Principle IV: Open Engagement

  1. Interoperability Forum, on the web, for information about what Microsoft is doing and discussing interoperability-related issues and challenges with users and information technology companies
      
  2. Open Source Interoperability Initiative, involving bilateral arrangements with the open source community, including facilities, resources, labs, "plug festivals," and cooperative development projects

We probably do need reminding that Microsoft is heavily involved with a wide variety of standards organization and is a significant adopter of standards in its products.  Along with the Interoperability Principles announcement, Microsoft has provided fact sheets on how much standards fit with Microsoft products and their interoperability features.

To encourage industry support for interoperability and effective data exchange, Microsoft will launch a Document Interoperability Initiative with labs where implementers can verify interchange, optimize their data exchange, develop conformance tests, and publish templates that enable optimized interoperability with different formats.  (My goodness, I already have a stake in that.  This is the first practical offer I have seen with regard to conformance testing and, indirectly, qualification of products for use under various usage conditions.  I harp on the need of that from time to time, and this is the first affirmative response I have encountered.)

Server and Tools Senior Vice President Bob Muglia says the point of the Document Interoperability Initiative is "to ensure that the documents that are created by users are fully exchangeable, regardless of the tools that they are using."

The pro-active engagement of a community of adopters and users around the Microsoft interoperability surface is where we should look for evidence of serious commitment.  Microsoft has declared itself ready to demonstrate it commitment to the interoperability principles through appropriate action.  In response to a question at the announcement, Brad Smith added

"So we absolutely appreciate and respect that others will assess how we live up to these principles.

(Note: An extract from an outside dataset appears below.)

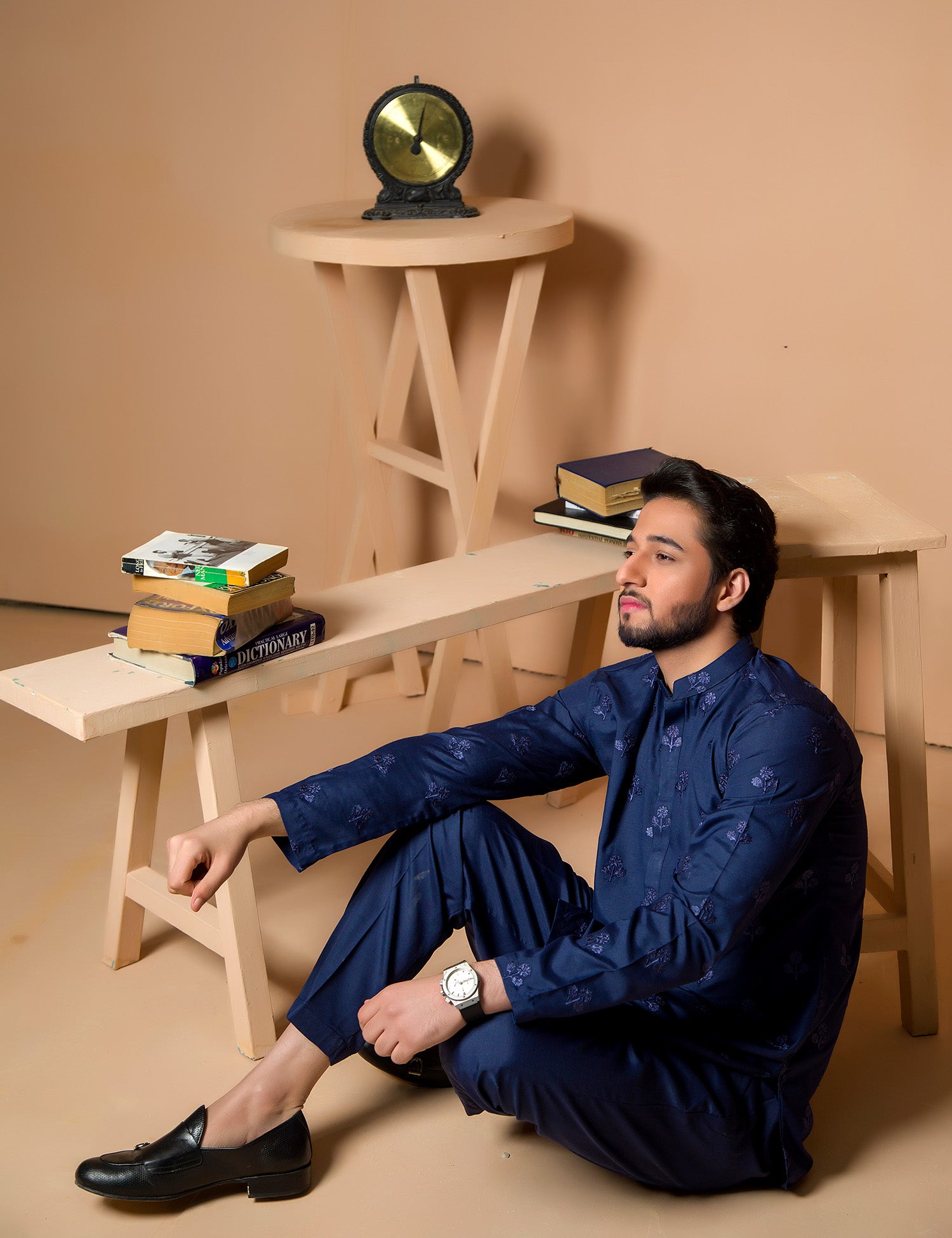 Dark Blue Embroidered Wash & Wear Kurta (2-Piece) - Image 5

We fully expect that, and are prepared for it, and yet I fully believe that as people do test this proposition in the months to come, I think they're going to come away with a high regard for the steps that our engineers are taking."

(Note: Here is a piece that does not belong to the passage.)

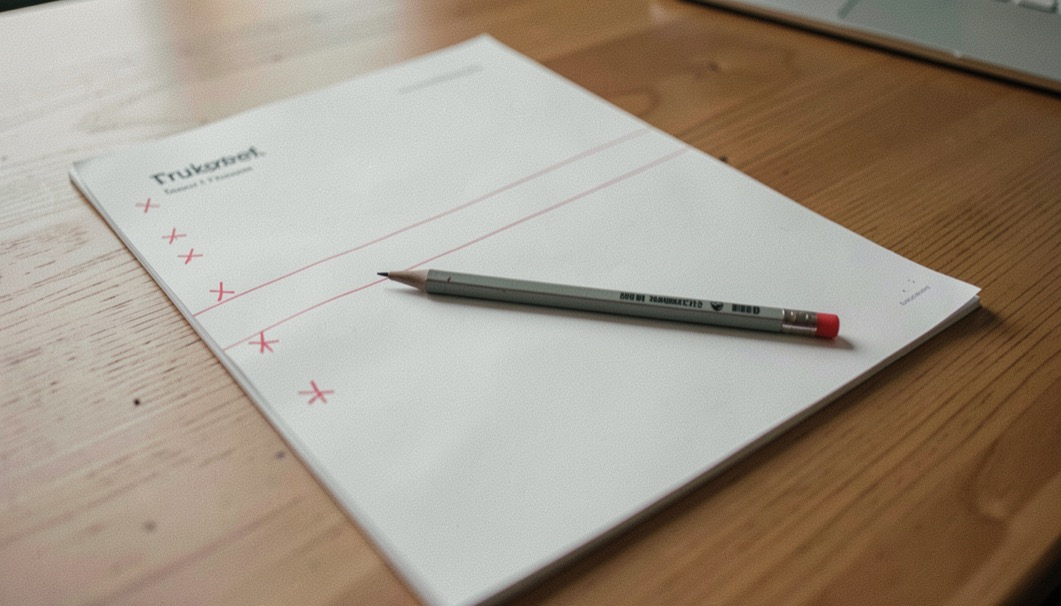 Drukproef met rode correctietekens in de kantlijn, potlood dwars over het vel, houten bureaublad.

3. The Open-Source Conundrum

There is a serious creative tension for open-source developers with respect to the Open Protocols under the Microsoft Interoperability Principles.  First, there is the following protection specifically with regard to the Open Protocols:

"Microsoft will covenant not to sue open source developers for development and non-commercial distribution of implementations of these Open Protocols."

This statement is with respect to the identified Open Protocols (as that list will be extended over time).  Implementations covered under the Open Specification Promise are not limited to non-commercial distribution.  And finally, with regard to published APIs, "Third parties do not need licenses to any Microsoft patents to call these Open APIs."  The last case simply perpetuates the existing ability to distribute open-source products that run on Microsoft Windows and rely on the APIs that Microsoft makes available for any developers to access Microsoft platform functions. 

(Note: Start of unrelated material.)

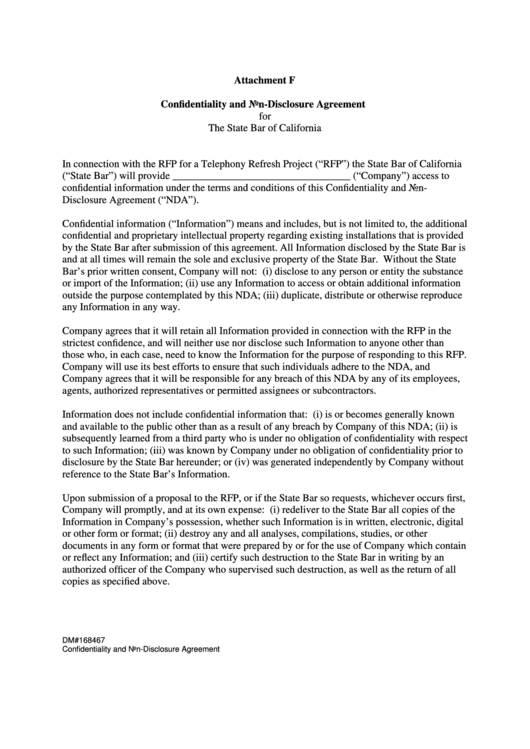 Attachment F Confidentiality And NonDisclosure Agreement For The State Bar Of California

(By the way, the Open Specification Promise has moved; not all Microsoft links have caught up.  The latest (February 15, 2008) version of the OSP is under "Interoperability," there is an older (January 10) version still under "Standards.")

Now, even for open-source developers, these considerations are important:

"Some of Microsoft’s Open Protocols are covered by patents. Microsoft will indicate on its website which protocols are covered by Microsoft patents and will license all of these patents on reasonable and non-discriminatory terms, at low royalty rates. To assist developers in clearly understanding whether or not Microsoft patents may apply to any of the protocols, Microsoft will make available a list of the specific Microsoft patents and patent applications that cover each protocol. We will make this list available once for each release of a high-volume product that includes Open Protocols. Microsoft will not assert patents on any Open Protocol unless those patents appear on that list."

So, if you are interested in implementing an open protocol, you can find out exactly what patents (but not necessarily anyone else's patents) Microsoft asserts on the protocol and determine (with appropriate legal advice) whether or not you can work around it.

When it is clear that the patent cannot be worked around, the open-source conundrum is present.  The conundrum is, as others have noted, that

  • the open-source developer is protected under the covenant not to sue (but only with respect to applicable Microsoft patents, not others)
      
  • downstream recipients who make commercial versions or distributions are not so protected and are expected to obtain licenses of the applicable Microsoft patents (the arrangements for any patents of others not being something Microsoft can resolve)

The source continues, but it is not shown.